The Sunday Washington Post had a long, hagiographic article about Senator Mark Warner’s critique about how capitalism “isn’t working” for the masses and his heroic attempts to fix it that left me thinking I’m in an alternate reality.
The problem he sees is that the growing tendency of people to change jobs throughout their career has left people unprepared for retirement, and that we need to do more to make sure that workers have some sort of safety net to provide them with health care and income in their golden years.
That this was largely addressed decades ago with the introduction of Social Security and Medicare was completely missing from the article. Social Security is an incredibly progressive retirement program that provides everyone with a work history of at least ten years with a decent-sized benefit that doesn’t go up all that much for wealthier people who contributed much more. And Medicare is the largest government program there is, covering hospitalization costs, basic health costs and drug benefits for tens of millions of senior citizens. The government spends about $1.5 trillion each year on these two programs, and they make up the majority of our federal budget. There’s also plenty of evidence that they prevent seniors from indigence: the poverty rate for seniors is well below that of other age groups.
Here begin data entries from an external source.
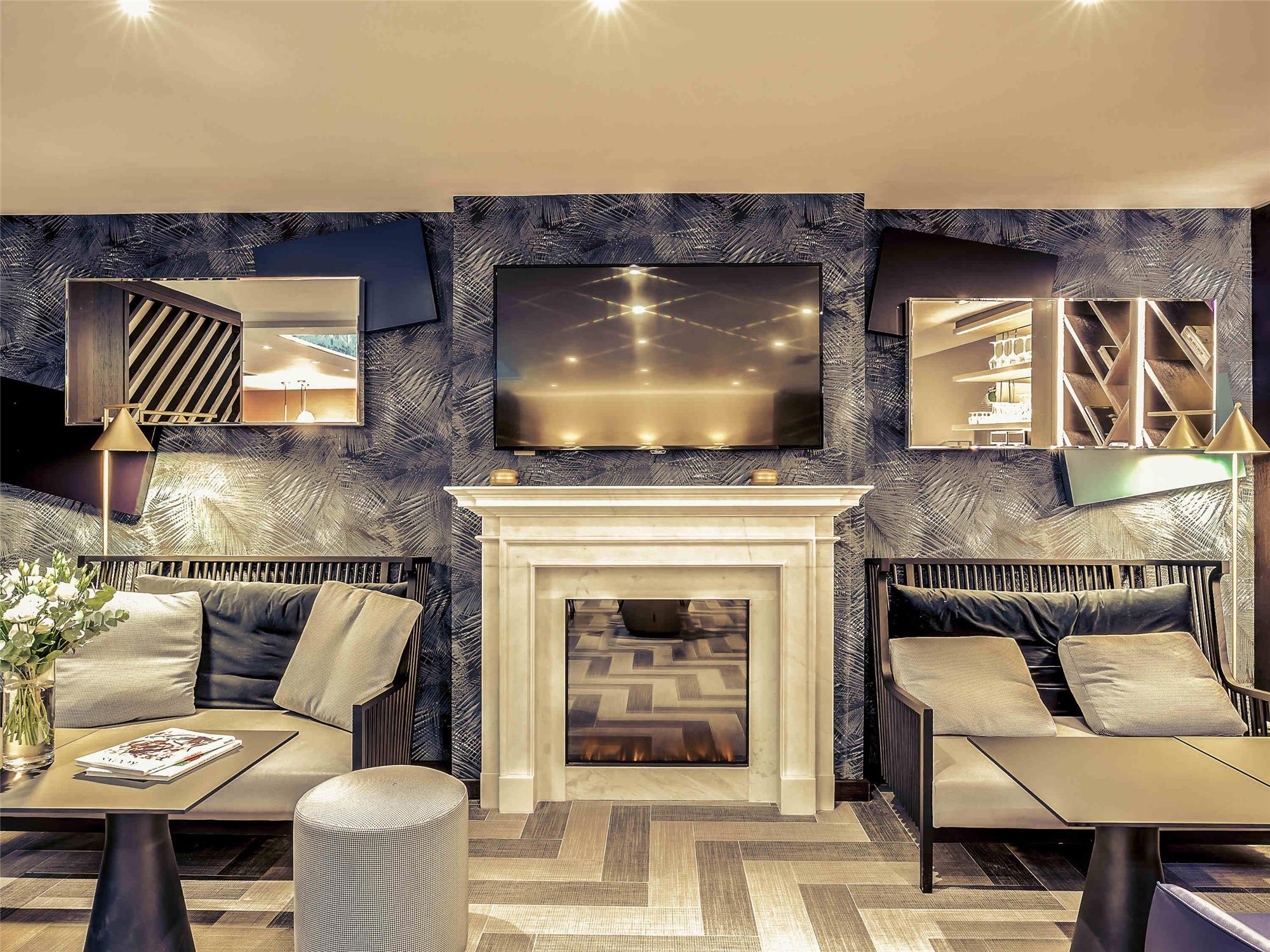 Mercure Paris Arc de Triomphe Etoile 1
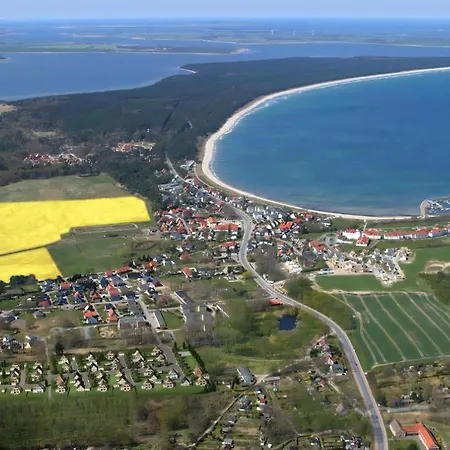 Ferienhaus Reet Hus Hanbutt In Glowe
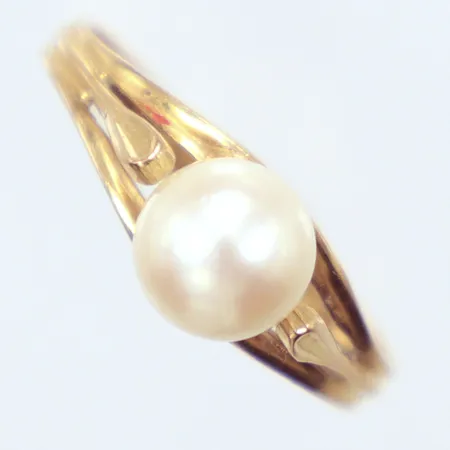 Ring, odlad saltvattenpärla, Ø6mm, 16¼, 18k Vikt: 1,5 g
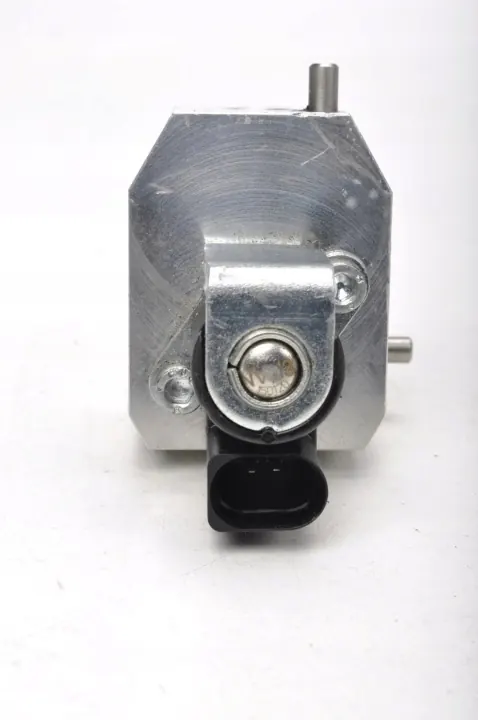 Válvula suspensión McLaren 650S OEM 11B1103CP.02 image 3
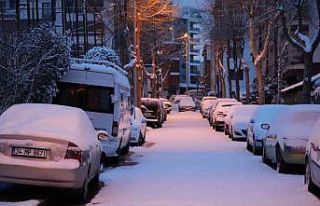 Avcılar’da yoğun yağışın ardından vatandaşlar,...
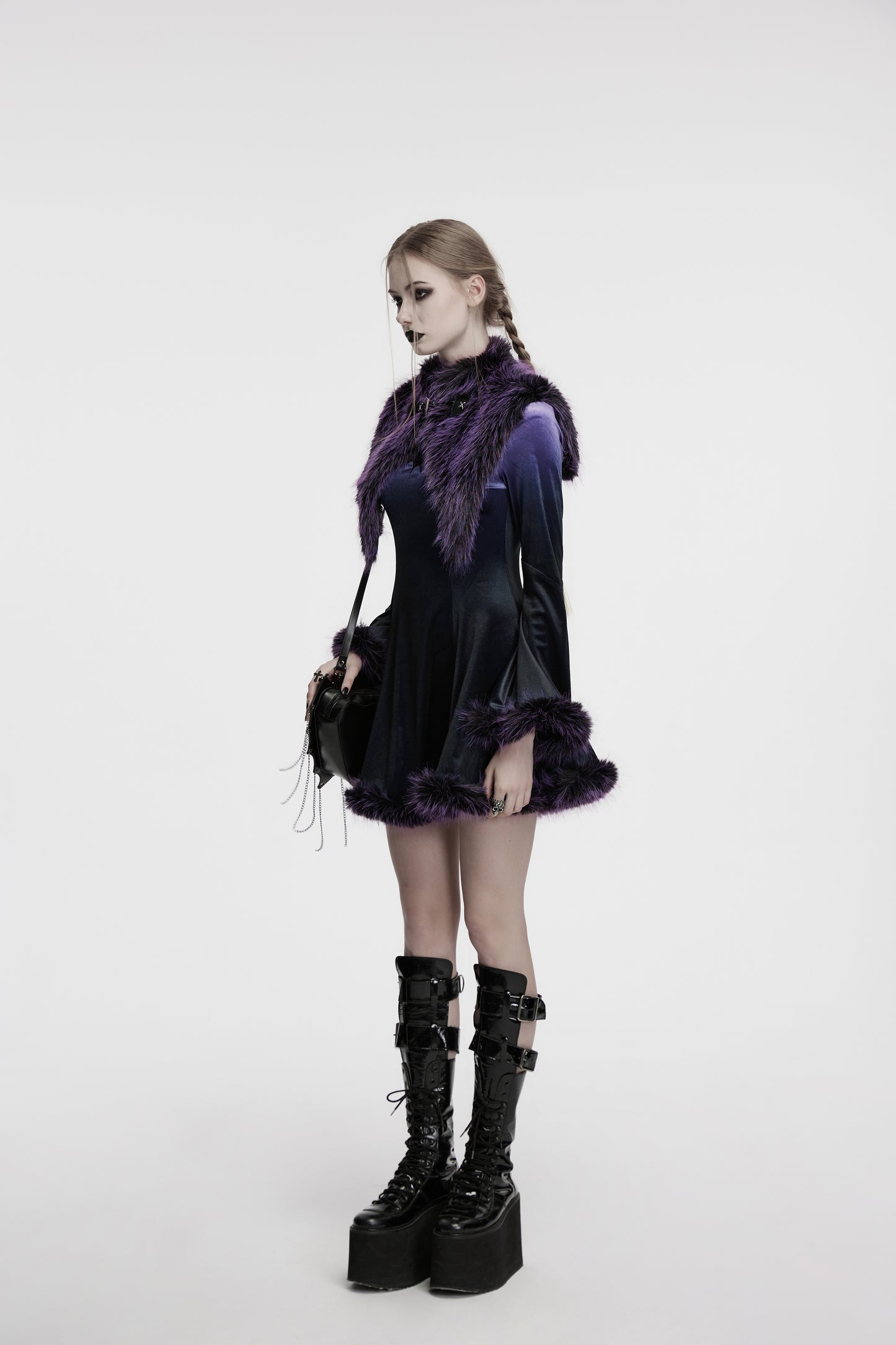 Punk Rave Lilith Gradient Devil Fur Shawl  In Violet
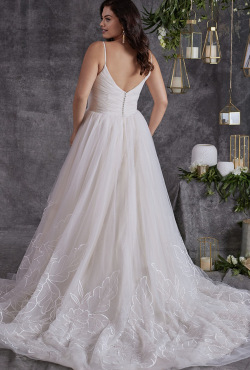 CurveStyles-BlushBridal-March2322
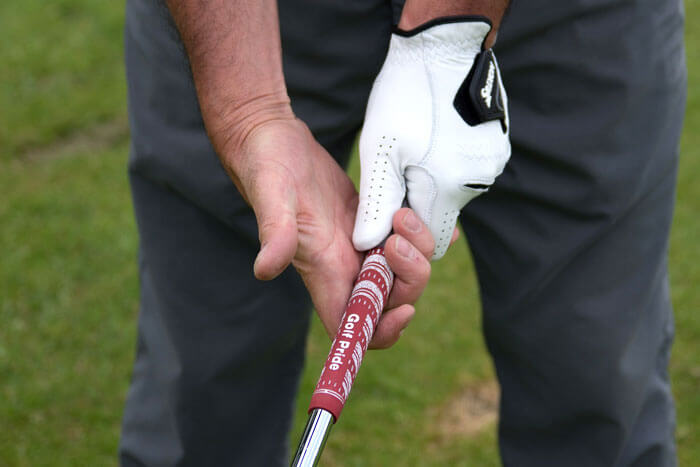 Changing Cleaning and Maintaining Your Golf Grips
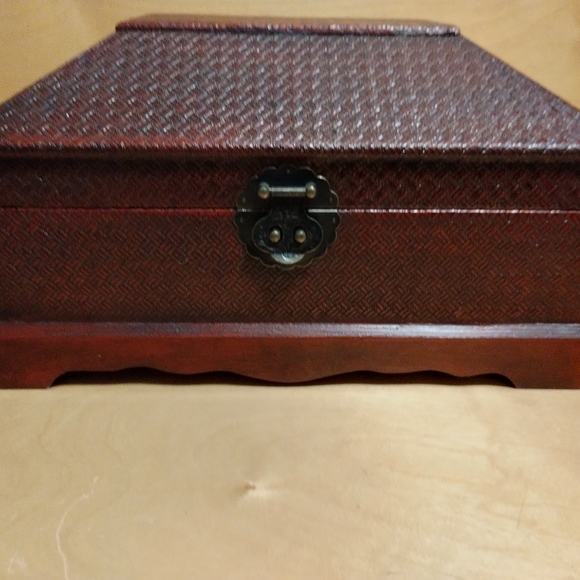 Vintage Chinese Red Wooden Box - Picture 6 of 12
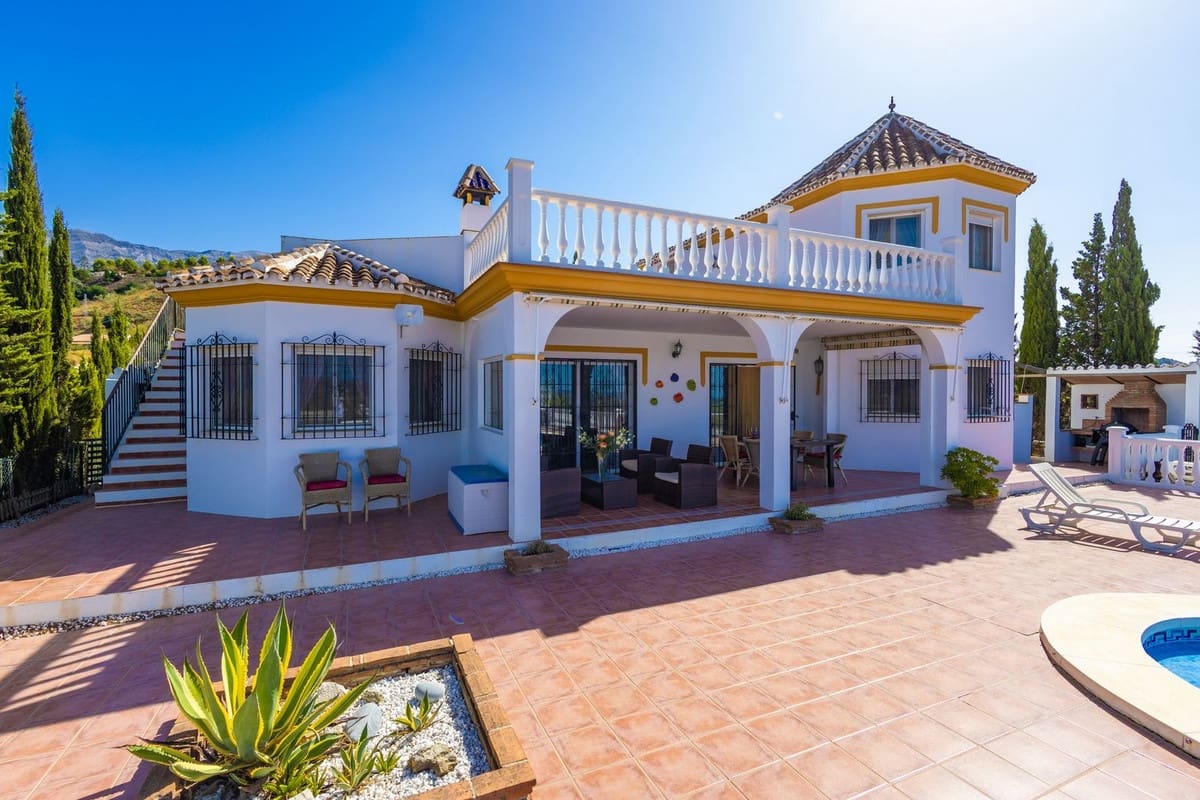 4 soverom Villa til salgs i Canillas de Aceituno med svømmebasseng garasje - € 525 000 (Ref: 10035710)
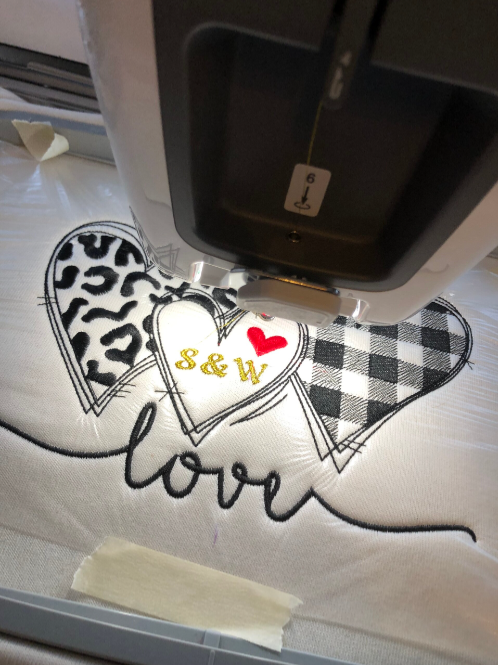 Gepersonaliseerde truien | Geborduurde afbeelding van harjtes en initialen Sandra Creaties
The current Administration also added an expensive entitlement that makes it much easier for people under age 65 who do not receive health insurance to obtain it, along with a healthy subsidy. For a family of four in Washington DC there is still a subsidy for an income of $80,000, which is well above the mean household income, and Medicaid completely covers those who don’t make enough money to buy their own health insurance. What more can we possibly do to make health insurance more affordable for the working poor?
The latest push of the Administration--and one that Senator Warner is leading--is to create some sort of government 401k. The idea is an awful one--the rationale is that since we move around to so many jobs, and since many employees do not provide a retirement plan, the government should do it for them. Earlier this year the Department of Labor made it much easier for the states to set up retirement accounts for their workers that would be administered by the state as an option for workers at firms without a retirement plan.
It is a supremely bad idea. For starters, there is no evidence that a public option is better than a private option, and plenty of data showing the contrary. For instance, the college savings accounts run by the states are no different than what people would get if they went to their local Fidelity or Vanguard office and opened their account, save for the fact that the latter would not come with a tax break, and the money in the government account has a sharply higher management fee than are found in the private funds. The Department of Labor just spent a year trying to drive down management fees in retirement accounts and they’re embarking on a new plan that would invariably create millions of accounts with higher management fees than they could get elsewhere.
Until recently liberals were in full defense of defined benefit pensions despite the fact that they disadvantaged people who had shorter job tenure and were more likely to change jobs, both of which tend to be truer for women than men. That they realize these don’t work in today’s economy is gratifying, but their insistence that the government create a vehicle to replace it is nonsensical.
If we want to nudge people to get a retirement account, we can do that without the state of Massachusetts inserting itself as a middleman. And politicians should stop pretending that there’s a senior citizen poverty crisis, no matter how flattering the Post may treat such efforts.